-- GIVEN INFORMATION follows --
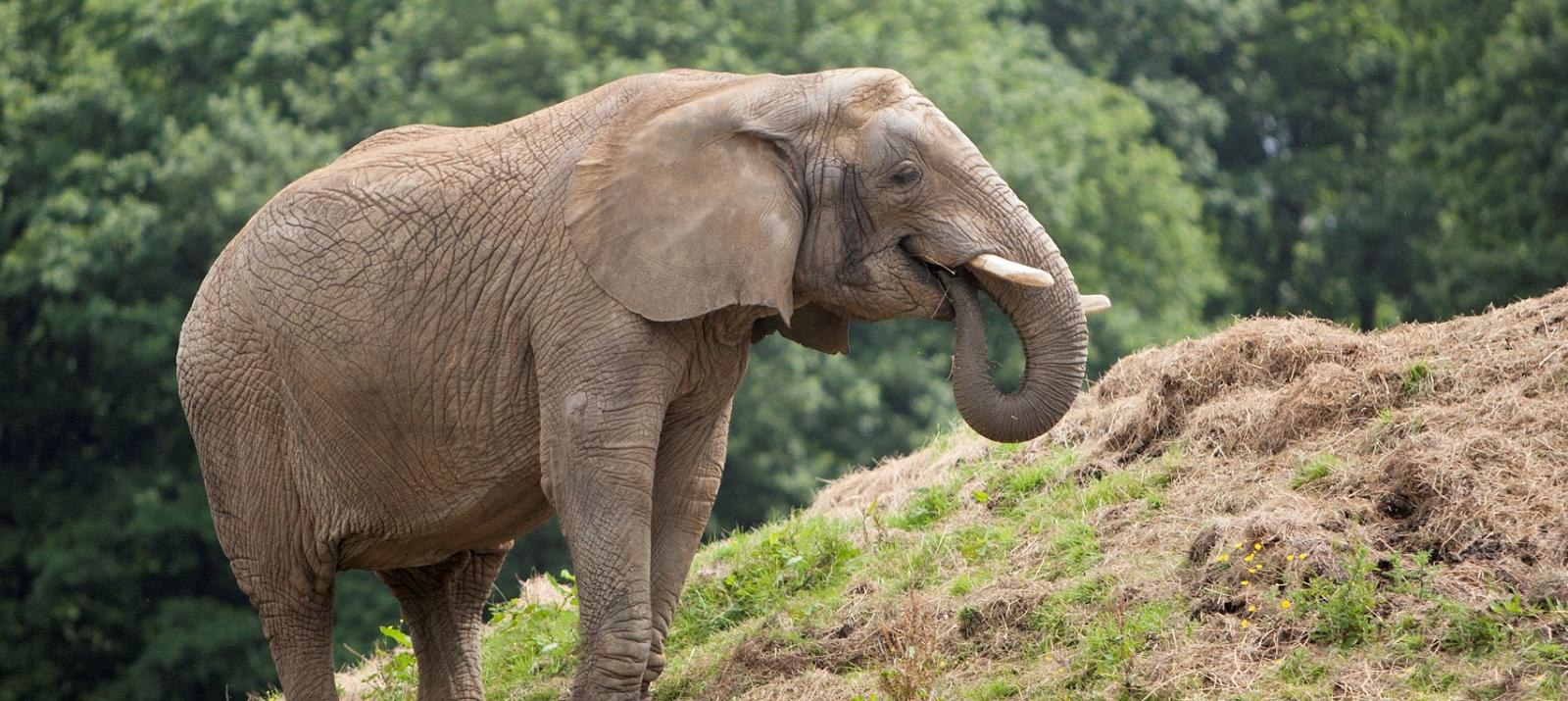Eléphant D'afrique | Zoosafari De Thoiry destiné Femelle De L Éléphant Nom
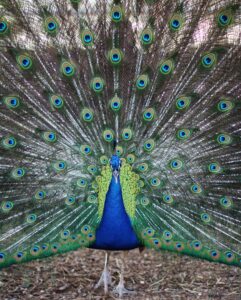 a male peacock shows his feathers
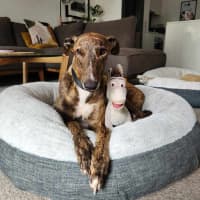 Photo of Tiger, The Adorable Greyhound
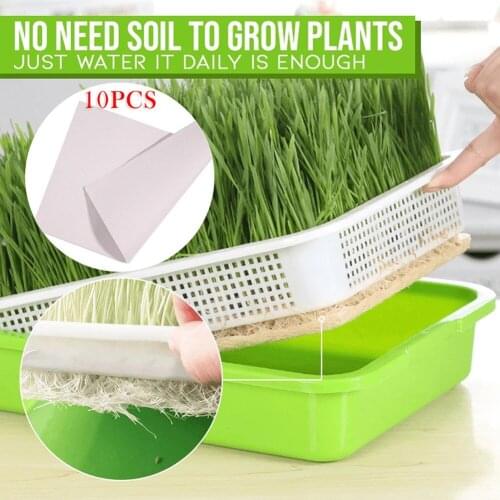 DIY Plant Soil-Free Nursery Pots Sprout Paper Planting Sprout Double-layer Seedling Tray Dish Hydroponic Flower Basket Flower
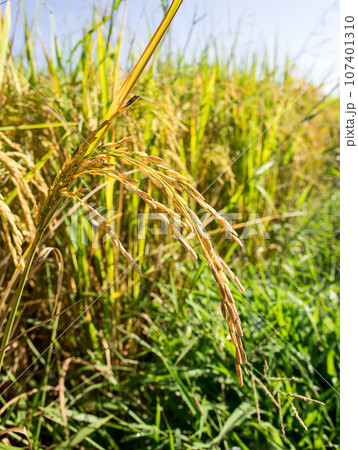 Rice in the field 107401310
-- GIVEN INFORMATION concluded --
## REQUIREMENT
Find the line with "DIY Plant Soil-Free". Reproduce it and every line after it through the last line above exactly, leaving out the pictures.

## RESPONSE TO THE TASK
 DIY Plant Soil-Free Nursery Pots Sprout Paper Planting Sprout Double-layer Seedling Tray Dish Hydroponic Flower Basket Flower
 Rice in the field 107401310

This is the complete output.